French Comfort Food
Macaron Cookies from Nancy (Les Macarons de Nancy)
Found on page 194
At the bakery, Maison des Soeurs Macarons in Nancy, the original secret recipe for almond cookies, created and sold by two nuns to support themselves after the French Revolution, is still used. These are considered real macaron cookies, appearing long before the Parisian rainbow-of-colors version that has become so popular.
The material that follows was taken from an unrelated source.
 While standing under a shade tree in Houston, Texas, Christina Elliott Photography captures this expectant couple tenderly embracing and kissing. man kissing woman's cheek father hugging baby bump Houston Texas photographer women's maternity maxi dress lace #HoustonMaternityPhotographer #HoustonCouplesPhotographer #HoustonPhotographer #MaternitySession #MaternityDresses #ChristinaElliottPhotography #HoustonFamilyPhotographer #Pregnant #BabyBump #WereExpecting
In 1952, the city of Nancy designated the street where they made their cookies in honor of the nuns, announcing that theirs were the “veritable Macaron de Nancy”(authentic macaron cookies). Since then it has become a gastronomic destination just for these cookies. This is the kind of cookie you dream of coming home to. They are soft in the center, yet a bit crispy on the outside—rather than looking perfect, they look homemade. The good nuns’ cookies were, many believe, made only with ground almonds, sugar, and egg whites—so I have stayed as
close to their idea as possible.
Makes 15 cookies
- Food processor
- 2 baking sheets lined with parchment paper
- 1⁄2 cup (60g) almond slivers
- 3⁄4 cup (85g) almond flour or meal (Bob’s Red Mill)
- 3⁄4 cup (150g) sugar
- 2 large egg whites, room temperature
- 1 teaspoon almond extract
- Preheat oven to 180° C.
- In the food processor, process all ingredients until you have a paste.
- Use a tablespoon of the paste for each cookie and space them out on the baking sheets with some room in between.
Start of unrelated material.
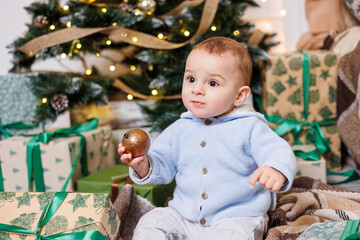 A one-year-old boy sits near a decorated Christmas tree with gifts. Christmas tree in the house. A happy child is waiting for the new year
- With wet fingers, gently tap the cookies on the top to round them, though not to flatten them, and bake for 14–15 minutes, until they just barely turn golden around the edges with the tops still pale. Cool completely before serving.
Ideas and substitutions
You can also make them as close in size as possible and sandwich a filling in between two of them. Or you can dust them with powdered sugar once they are cool.